RECORDED DATA:
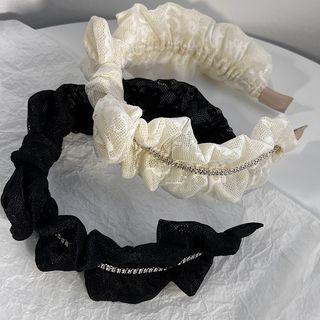 Lace Rhinestone Headband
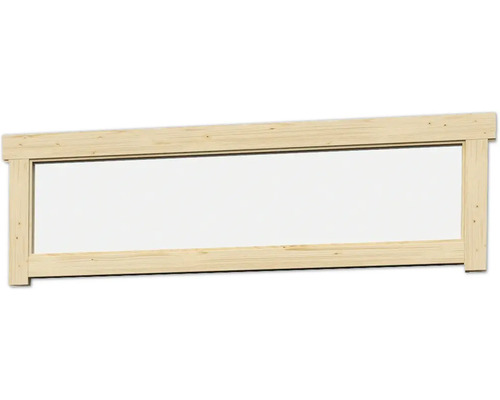 Fenêtre Outdoor Life Felix/Fynn 150 x 45 cm naturel Cadre de fenêtre en bois pour abri de jardin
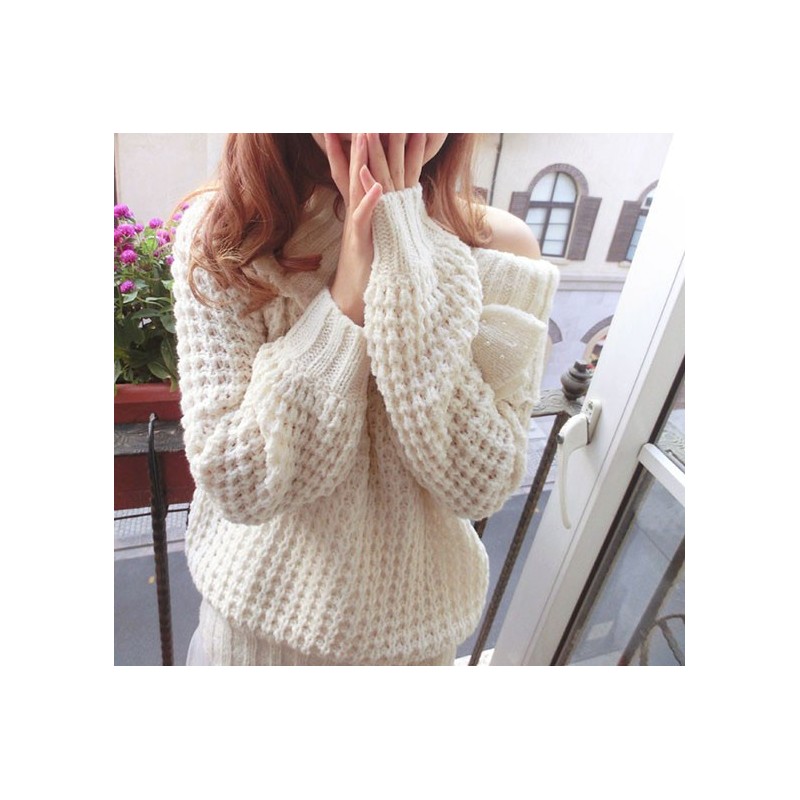 SWK91030 Fashion Knit Top White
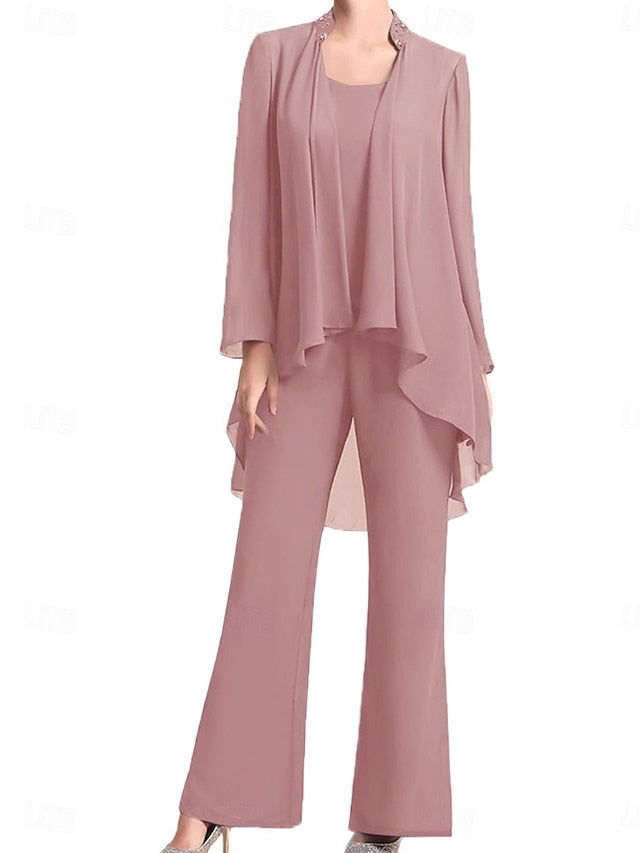 Elegant Simple Guest Bride Mother Dress the Pantsuit Wedding of FashionChic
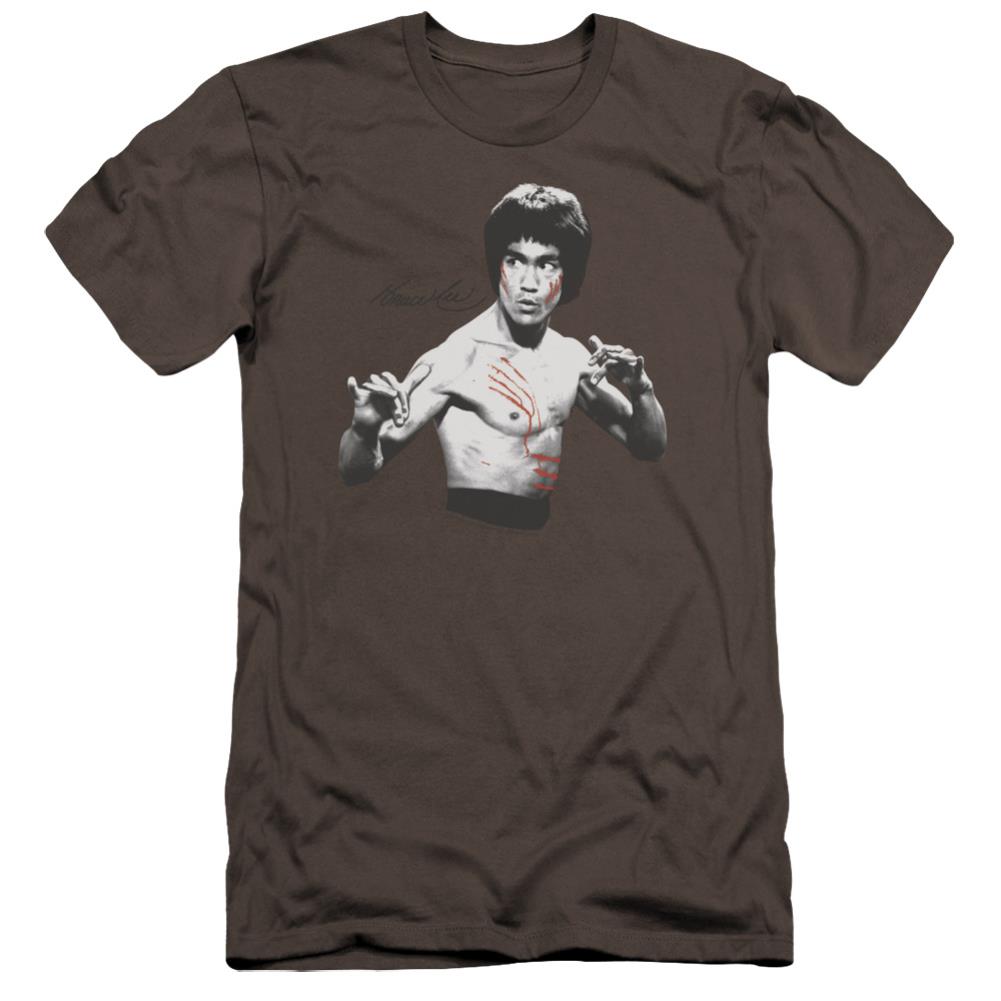 Bruce Lee Final Confrontation Men's Ultra-Soft 30/1 Cotton Slim Short-Sleeve T-Shirt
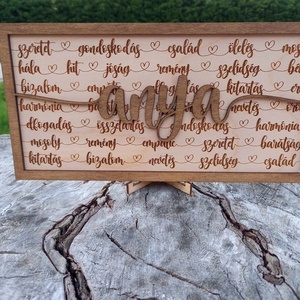 Anyák Napi Tábla, Otthon & Életmód, Dekoráció, Kép & Falikép, Fából készült kép, Famegmunkálás, MESKA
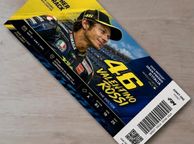 main image for ad Valentino RossiSouvenir Ticket 2024 Moto Gp Italy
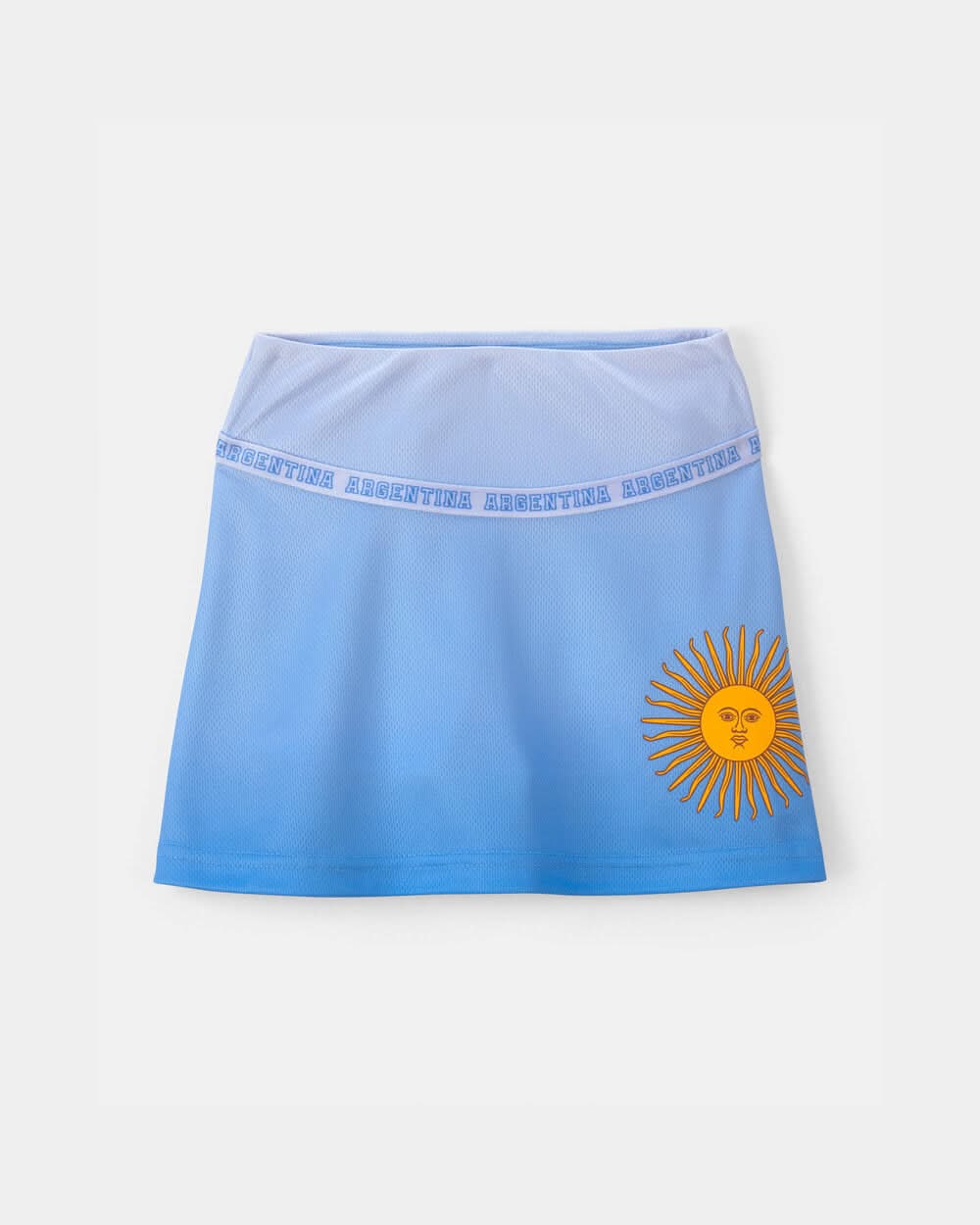 Toddler Girl Umbro Argentina Active Skort - Light Blue/White - Argentina - 3T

TASK BRIEF:
Copy verbatim the span that begins at the line containing "Fenêtre Outdoor Life" and ends at the last line of the material, inclusive of both; exclude pictures.

OUTPUT FOR THIS TASK:
 Fenêtre Outdoor Life Felix/Fynn 150 x 45 cm naturel Cadre de fenêtre en bois pour abri de jardin
 SWK91030 Fashion Knit Top White
 Elegant Simple Guest Bride Mother Dress the Pantsuit Wedding of FashionChic
 Bruce Lee Final Confrontation Men's Ultra-Soft 30/1 Cotton Slim Short-Sleeve T-Shirt
 Anyák Napi Tábla, Otthon & Életmód, Dekoráció, Kép & Falikép, Fából készült kép, Famegmunkálás, MESKA
 main image for ad Valentino RossiSouvenir Ticket 2024 Moto Gp Italy
 Toddler Girl Umbro Argentina Active Skort - Light Blue/White - Argentina - 3T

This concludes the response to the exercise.